Visite à la ferme 23 septembre 2018

 Visite à la ferme

dimanche 23 septembre 2018

L’AMAP Réunion-Père Lachaise a loué un car pour se rendre à la ferme de Sébastien Léger, notre maraîcher, à Ferrière-en-Bray (76, Seine-Maritime).

Lors d’une réunion du collectif, nous avons décidé d’une participation de 10€ par adulte et de 5€ par enfant (gratuité à partir du 3ème) à régler au moment de votre inscription.

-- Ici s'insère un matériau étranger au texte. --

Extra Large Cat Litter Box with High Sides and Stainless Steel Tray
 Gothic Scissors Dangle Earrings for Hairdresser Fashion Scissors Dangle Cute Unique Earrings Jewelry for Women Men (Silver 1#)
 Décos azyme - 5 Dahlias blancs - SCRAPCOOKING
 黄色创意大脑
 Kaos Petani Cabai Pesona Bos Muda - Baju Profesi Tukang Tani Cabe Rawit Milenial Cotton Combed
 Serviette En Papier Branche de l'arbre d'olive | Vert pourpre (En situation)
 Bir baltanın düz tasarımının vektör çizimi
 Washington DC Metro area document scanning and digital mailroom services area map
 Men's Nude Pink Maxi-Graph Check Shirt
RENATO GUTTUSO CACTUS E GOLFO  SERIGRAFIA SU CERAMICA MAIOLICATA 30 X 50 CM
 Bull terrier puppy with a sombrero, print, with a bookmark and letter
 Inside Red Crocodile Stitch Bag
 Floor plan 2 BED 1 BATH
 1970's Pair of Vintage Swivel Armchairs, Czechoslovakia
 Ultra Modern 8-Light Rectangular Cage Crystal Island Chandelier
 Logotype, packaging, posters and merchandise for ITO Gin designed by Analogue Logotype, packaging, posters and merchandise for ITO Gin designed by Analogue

Vous voudrez bien remettre votre bulletin d’inscription ainsi que votre participation au plus tard mercredi 20 septembre 2018 à un membre du collectif de votre lieu de livraison.

Bulletin d’inscription visite ferme 23.09.18

Les Amapiens dans les champs

Le rendez-vous est à 8h45 devant le 179, rue de Charonne. Venez nombreux avec enfants et compagnons. Prévoyez d’apporter une de vos spécialités culinaires, salée ou sucrée, pour partager le repas de midi.

Nous serons de retour à Paris vers 18h, en fonction des embouteillages.

 Vous espérant nombreux à venir voir comment Sébastien cultive les beaux légumes qu’il nous apporte toutes les semaines, ses serres, ses champs…. 😉🍅🍆🌶

Visite de la Fromentellerie

Le 27 mai, Yves de Fromentel nous a reçus pour une visite de sa ferme d’élevage en bio holistique. David de l’Amap Philippe-Auguste stagiaire en bac pro s’est occupé de la présentation. Le bio holistique est un projet de conduite en bio, subordonné donc au respect d’un cahier des charges. Mais les éléments qualitatifs : qualité nutritionnelle et qualité gustative entrent en ligne de compte. Le bilan humain et social doit être à la hauteur.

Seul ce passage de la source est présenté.